Re: htdig: Pages get indexed, but no results: BUG?


Gilles Detillieux (grdetil@scrc.umanitoba.ca)
Thu, 17 Dec 1998 15:57:30 -0600 (CST)


According to Rodger Zeisler:
> htdig has a case_sensitive option that would make PRODUCT.HTM and
> product.htm appear the same. Since you have 3 character extenstions (.htm),
> I am assuming that you are on NT not Unix (.html). NT (and MS Windows) is
> case insenstive.

The case_sensitive option currently affects only parsing of disallow
statements in the robots.txt file, and not how htdig keeps track of
visited documents. However, if you want to change how htdig keeps
track of visits, as I suggested earlier, it would be wise to make that
conditional on this option. Thanks for pointing it out.
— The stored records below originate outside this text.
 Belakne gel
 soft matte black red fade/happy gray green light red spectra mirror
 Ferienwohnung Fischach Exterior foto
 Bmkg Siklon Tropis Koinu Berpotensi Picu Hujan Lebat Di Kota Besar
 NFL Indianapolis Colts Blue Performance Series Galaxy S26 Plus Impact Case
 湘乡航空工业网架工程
The .htm extensions have, unfortunately, polluted a great many Unix
servers over the past few years, as many web developers use M$ systems,
and stick to that ugly 3 character extension limit they've carried over
from DOS, even though Win95 & NT no longer impose that limit. So, it's
not a safe assumption that a server that has .htm files is not Unix-based.
If Andriu claims it's a Unix server, I'll take his word for it. In any
case, the problem stems from the fact that the developers assumed the
server was case insensitive, when in fact it's case sensitive, and
therefore not an NT server. That's why the href to PRODUCTS.HTM fails.
It should be lower-case, and the server cares which case is used.
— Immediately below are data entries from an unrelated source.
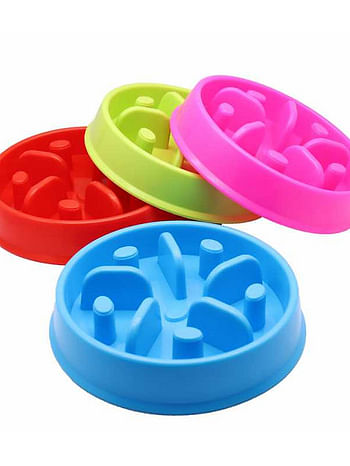 Petbroo Slow Feeder - Multicolor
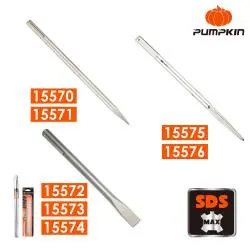 SDS-MAX POINT CHISEL 18x400mm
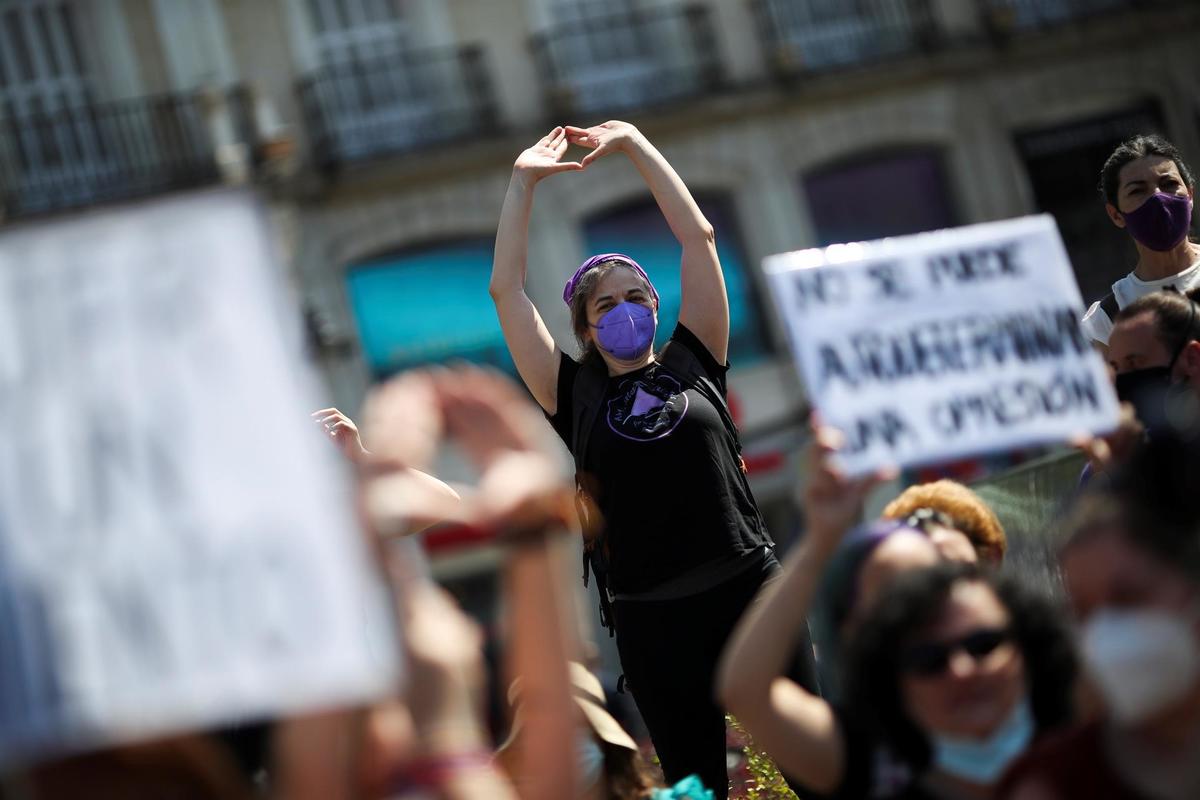 La ley Orgánica de Garantía de la Libertad Sexual fue aprobada en España. (EFE)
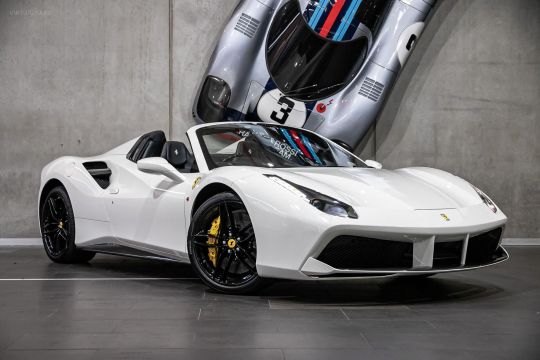 2016 Ferrari 488 Spider F142 Convertible 2dr DCT 7sp 3.9TT [Jan] 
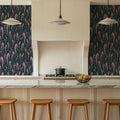 Purple Chain Tree Mural Wallpaper - room preview 05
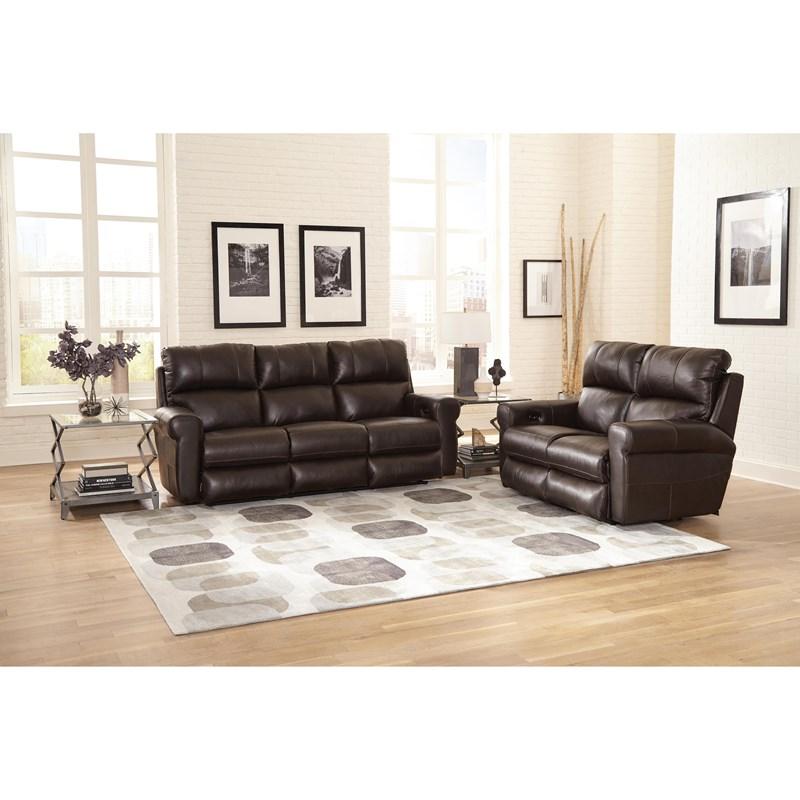 Catnapper Torretta 2 pc Power Reclining Living Room Set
According to Andriu Isenring Ritsch:
> I just wondered, when PRODUCTS.HTM returns 404 and products.htm returns OK and has
> a lot of links on it to other pages etc., why does htdig assume that the link is
> not ok and deletes all pages that have been retrieved starting from the
> products.htm page? I mean, htdig got the pages and deletes them again - they
> defenitely must exist, so why deleting them?

Who says it's deleting anything? Does an htdig -vvv seem to suggest that?

What I'm suggesting is that htdig sees the href to PRODUCTS.HTM before any
href to products.htm, and so it queues up the upper-case URL, but marks
the lower-case URL as visited (because all visits are recorded in lower
case). So, it tries to get PRODUCTS.HTM, and fails, so it never sees the
real file. Whenever it sees any of the good hrefs to products.htm, it
thinks the file was already visited, so it doesn't queue it up again.

Do you have any hard evidence that htdig is indeed fetching products.htm
from the server, and deleting its hrefs?

> One could also do it the other way around: htdig could know that one link was not
> ok, but since it was able to follow the page at some point, there must be a valid
> page with that name, so the links from that page must also be valid etc. (htdig
> could assume that there was a uppercase/lowercase problem).
>
> What do you think about that?

The way I read the code, I can't see how htdig would have tried to dig
both products.htm and PRODUCTS.HTM in the same run. If it sees the
real file first, it shouldn't try the bogus one at all, and if it sees
the bogus one first, it seems it would ignore the real one, because it
thinks it's the same file.

> (I know, fixing the link should be easier, but still...)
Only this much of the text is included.